# What exactly is a "service disruption"?



## northnorthwest (Mar 17, 2014)

When I check the status for the EB 7 getting into FAR for 3/15 and 3/16 it says:

*Information Unavailable: Sorry, due to a service disruption, we are unable to provide estimated departure and arrival times. For additional assistance, please contact us at 1-800-USA-RAIL (1-800-872-7245).*
What is a service disruption and does it relate to how late a train will be? Does it mean the train is/was REALLY late? Or is it some kind of equipment/technical issue that simply means the status function can't connect with the train info?


----------



## amamba (Mar 17, 2014)

A service disruption can occur for any number of reasons, but it generally means that the train is late.  Sometimes it can be a technical issues, sometimes it means that the train is annulled, sometimes it means that there is a bustitution, etc.

Maybe someone here knows specifically what happened that day.


----------



## jebr (Mar 18, 2014)

I believe there was a bustitution out in Washington (between Seattle and Everett) those two days due to landslides in the area. That would trigger the service disruption error.


----------



## Trogdor (Mar 18, 2014)

There's no official or consistent definition of "service disruption" at Amtrak. It's often dependent on who's at the operations desk what counts as a disruption.

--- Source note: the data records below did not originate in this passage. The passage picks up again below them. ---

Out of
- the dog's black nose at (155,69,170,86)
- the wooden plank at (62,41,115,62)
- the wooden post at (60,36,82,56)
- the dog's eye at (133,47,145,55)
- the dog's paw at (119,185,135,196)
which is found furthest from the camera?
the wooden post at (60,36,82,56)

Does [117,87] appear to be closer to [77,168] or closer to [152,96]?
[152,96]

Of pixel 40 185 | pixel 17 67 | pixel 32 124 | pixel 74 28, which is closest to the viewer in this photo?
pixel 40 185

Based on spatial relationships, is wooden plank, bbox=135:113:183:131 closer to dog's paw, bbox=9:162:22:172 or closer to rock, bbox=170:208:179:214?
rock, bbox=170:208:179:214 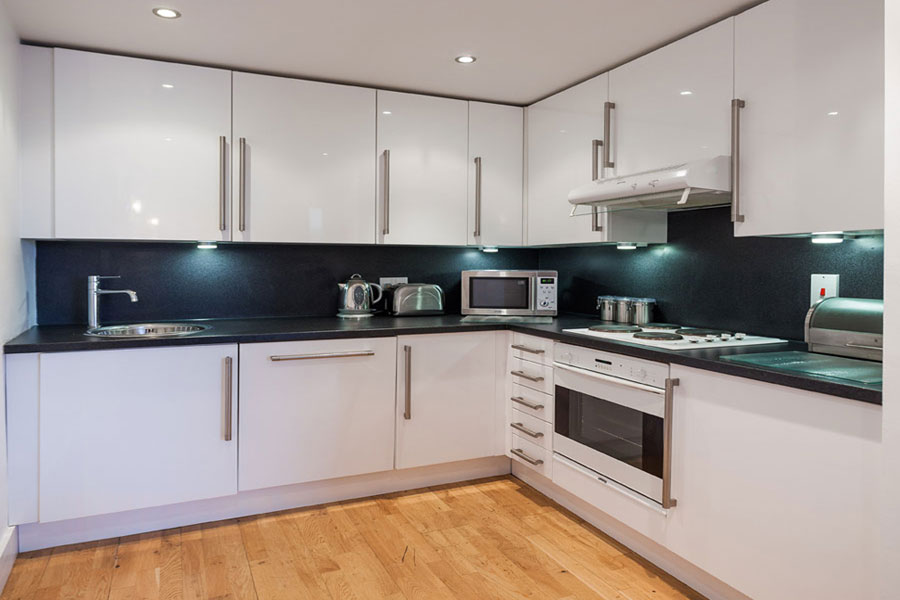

The basic theory is that something happened to the train's operation that prevents it from operating as planned (just being late doesn't count), and this _something _can't be communicated by the automated system. The problem is that there's no way to distinguish between something truly major, such as a train being terminated or annulled, and something fairly minor, such as the Empire Builder originating in Everett instead of Seattle due to mudslides. They have added cancellation notices to Arrow, which has helped somewhat, and some of the apps can give you station times even if the train has a disruption (but is still running its normal route). But there's still no consistent rule for when a train should be listed as having a disruption or not.


----------



## JoeBas (Mar 18, 2014)

"What exactly is a "service disruption"?"

On Amtrak? Tuesday.


----------



## jannie (Mar 21, 2014)

I've been watching the empire builder since discovering they tend to be "late". We'll be riding in late May. Went to a website to check on status -- it says service disruption for several different dates, but no explanation. I understand we may be 'bussed" to our maybe end point, or perhaps where the train can pick us up? I paid for a sleeper (roommette), do I get a refund/voucher if I can't use the sleeper? If I wanted a bus ride I would have book Grayhound.

We had been looking forward to travelling the Empire builder from Chicago to Seattle & back.


----------



## D.P. Roberts (Mar 21, 2014)

JoeBas said:


> "What exactly is a "service disruption"?"
> 
> On Amtrak? Tuesday.


That was my thought too. "Service disruptions" are "What happens on Amtrak on the days that end in a Y."


----------



## FriskyFL (Mar 21, 2014)

Some service distributions can last for years - Sunset Limited east of NOL has been in a "service disruption" since August 2005.


----------